Mr. G., to whom I had bargained to sell my houses to arrive, (and he backed out) was an Englishman from Liverpool. He had about all the consignments of shipments from that city (evidently being very popular there), to sell on commission at ten per cent; when the goods came and were sold, instead of remitting the capital to the owners and being satisfied with his commission, he used it in buying property and in erecting buildings in San Francisco. He had constructed a fire-proof building which he rented to the government for a post-office, at a large sum per month, likewise the first theatre in the city, and other buildings. He informed me at one time how much his rents amounted to per month; the sum was several thousand dollars. Money was worth but three to five per cent in England per year to the owners of the merchandise; while in California it was in demand at ten per cent per month. I suppose he thought he would make a great fortune for himself and then return to England (where he had a wife and children) and pay up all his obligations with extra allowance, for the use of the money, and make all satisfactory; but the great fire destroyed all his buildings, and he was a ruined man, there being no insurance in the city then. I met a friend in New York about two years after my return from California; I asked him when he saw Mr. G. last. He said, "it was about 11 o'clock one day at a hotel where he invited some friends to take a drink. Mr. G. was there, he declined; but afterward called him to one side and asked him to loan him $1, saying he had had no breakfast that morning." Such was an example of some of the fluctuations of fortune in those days.
Some parties came with various kinds of machinery that was to make a certain fortune for them, and was taken up into the interior at great expense. I never knew of one that was successful. About all the companies that were formed in the States to go around Cape Horn for mining purposes generally dissolved after arriving in California, but what they brought with them for supplies, sold for so high a price that it generally sold for more than the cost of their passage, and they had money coming to them. Some companies bought the ships as they came in and hired the captain. I recollect one, called the Mechanics' Own. Every person joining their company in the States had to be voted in and pay $1,000. They put on airs and talked quite aristocratic of their captain as their boy.
Three persons started the first bank in San Francisco, called the Miners' Bank, on the northwestern corner of the plaza. Mr. Haight, who was from Rochester, N.Y., and the sutler of Colonel Stevenson's regiment, was one of them. It was said that at first they bought gold as low as $8 per ounce, when it was worth more than $18 at the mint East. The owners of the bank made $100,000 each in three or four years.
Before the discovery of gold the then small places on the Pacific Coast obtained their supplies from small trading vessels that sailed along the coast and stopped at their towns occasionally. After the discovery of gold, at first goods went up four or five times their previous value, and when one of these vessels was seen entering the port, parties would put out in small boats to get aboard of them before they came to anchor (they on board knowing nothing about the discovery of the gold), would bargain with them for some of their goods, and finally offer them so much for all their cargo. It being beyond their expectations the offer was generally accepted, and thus some big speculations were made.
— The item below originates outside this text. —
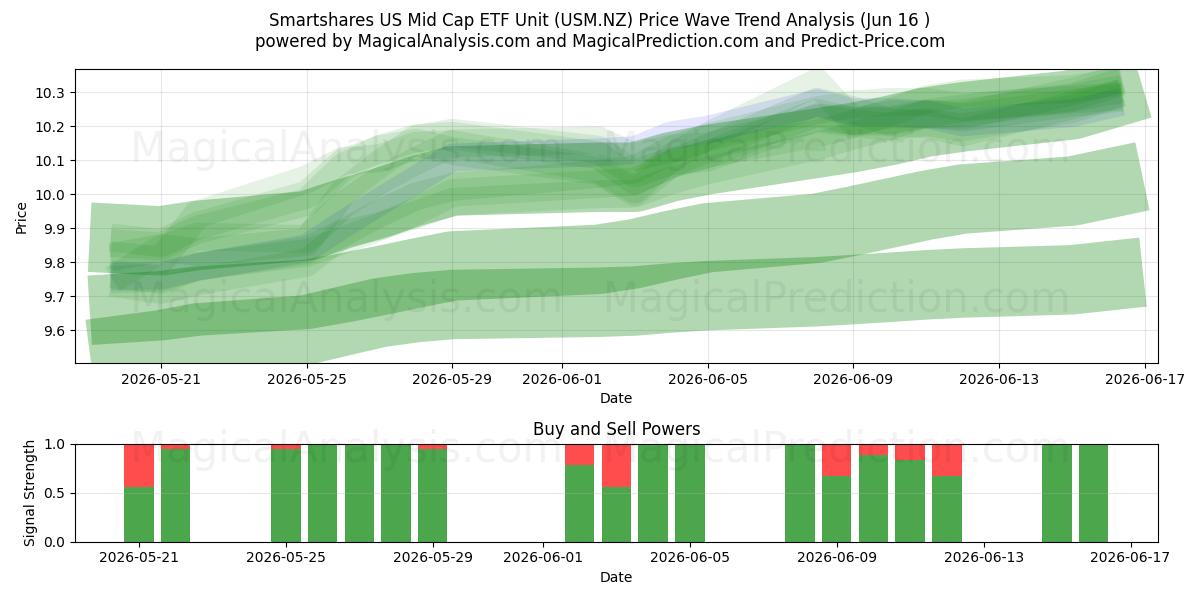  Smartshares US Mid Cap ETF Unit (USM.NZ) Support and Resistance area (11 Jun)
A lieutenant of Stevenson's regiment, who had been down in Monterey and had not heard of the gold discovery, on his first day in San Francisco, informed me that he did not know what to make of things. Most of his old acquaintances wanted to know if he did not want to borrow some money; they had some that he could have as well as not.
The steamers came in once a month with letters and papers. Then long lines were formed to the post-office. Sometimes it took half a day to get there. The New York papers at first sold for $1 each. Then they got down to fifty cents. I sold the New York Herald, that was more than a month old, that contained the latest news there from the States in the interior, for $5, and the man coaxed it out of me at that, for I wanted to give it to a party of friends I was going to see in the mining districts. I knew it would be a great treat to them. It is almost impossible to recall all the exact scenes of those days, so as to have them fully realized by the reader.
The city of San Francisco was extending more rapidly in what they called the Happy Valley district, which was toward the Mission of Dolores, established by the Jesuits. I visited it when the building was intact. I recollect a painting of an Indian warrior, with his bows and arrows, the implements of war, represented as a saint ascending to heaven—I suppose to create favorable impression on Indians and make converts of them.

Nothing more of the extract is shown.